Now, years ago that was a crazy radical thought. Now, it's a trillion dollar industry. It's completely mainstream, and everyone knows what this thing is. But back then, it was really really new. In many ways, Acumen was the pioneer of that space. It's ushered in this new sector. Over that time, I think we've impacted almost half a billion people through the companies that we've invested in: more than 74 companies, more than 150 million in philanthropic capital, and now raising other types of capital for other types of funds as well.

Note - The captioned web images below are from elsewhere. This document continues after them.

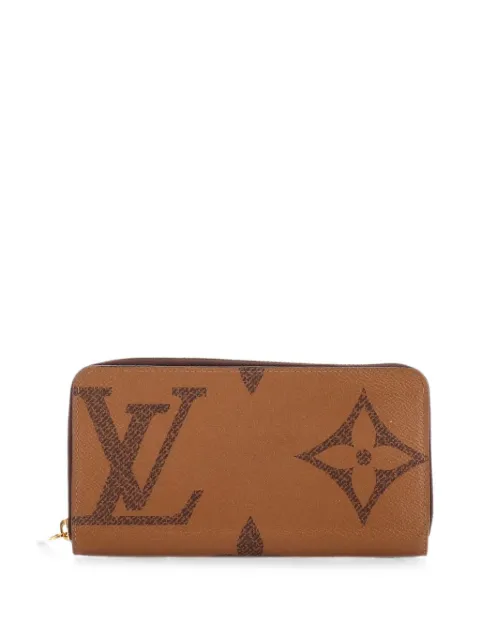 Louis Vuitton Pre-Owned Zippy Wallet Reverse Monogram Giant small wallets Brown 9WRGV0ANSPMPVUAT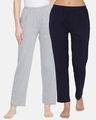 Shop Pack of 2 Women's Grey & Blue Pyjamas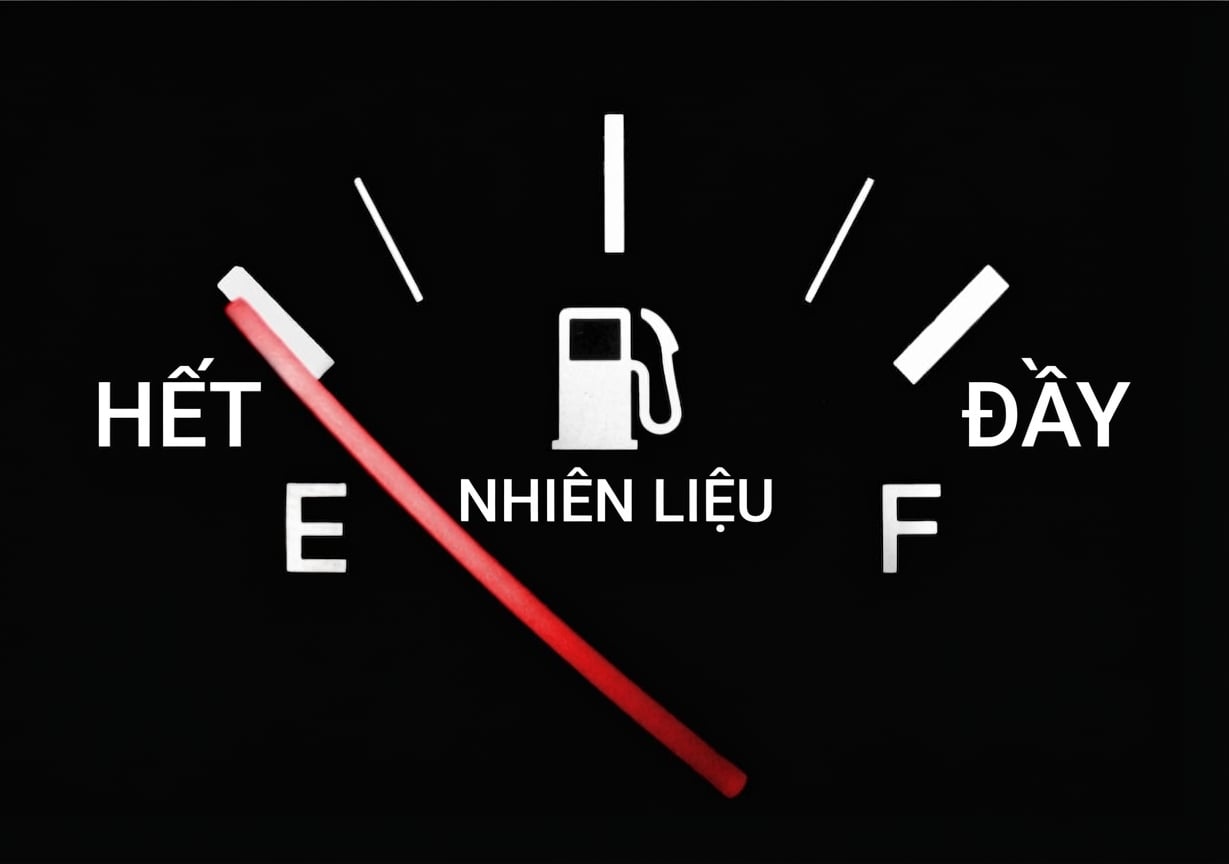 Đồng hồ nhiên liệu chỉ mức rỗng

But at the very beginning, in the early days, if the mission was to change the way the world tackled poverty, it was this realization that capital alone would be insufficient. You could put all the money in the world in some model, and it still wouldn't crank out a solution that would really solve it. Like most things, it's a people problem, and it really starts with the individuals with the leadership in place to both have the courage to start these models and then have the committee around them to sustain them and to build them into something more. That's where Acumen Academy, which is the part of the work that I spend most of my time, is situated.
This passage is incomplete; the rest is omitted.